Nurses-enterprise agreement

MS MacDONALD: Mr Speaker, my question, through you, is to the Minister for Health, Mr Corbell. Minister, there has been a lot discussion recently about the negotiations surrounding the nurses enterprise agreement. Minister, can you advise the Assembly how the ACT government's current wage offer to ACT nurses compares to recent outcomes in other jurisdictions?

MR CORBELL: I thank Ms MacDonald for the question. I think it is a timely question, given the current debate around the adequacy or otherwise of the ACT government's current pay offer to nurses. I thought it was useful, Mr Speaker, to take the opportunity to put on the record the ACT government's position.

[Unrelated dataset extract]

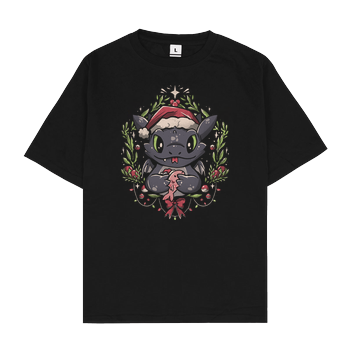 Dragon Christmas Oversize T-Shirt - Black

Mr Speaker, let us look at the whole range of the nursing workforce, starting with enrolled nurses. Enrolled nurses in the ACT, on the date of certification of the new agreement, will receive a salary of $42,573 at the top of the range. Compare that with the agreements which have recently been signed up in South Australia, Victoria and Tasmania. In Victoria, enrolled nurses will receive a maximum of $42,453 or just under a hundred or so dollars less than what the ACT government is offering; in South Australia, only $40,851 or a full $21/2 thousand less; and in Tasmania, $41,937 or approximately $1,000 per annum less. The ACT has put enrolled nurses in a very strong position. In fact, these nurses will be the best paid enrolled nurses in the country, when you look at this current pay offer.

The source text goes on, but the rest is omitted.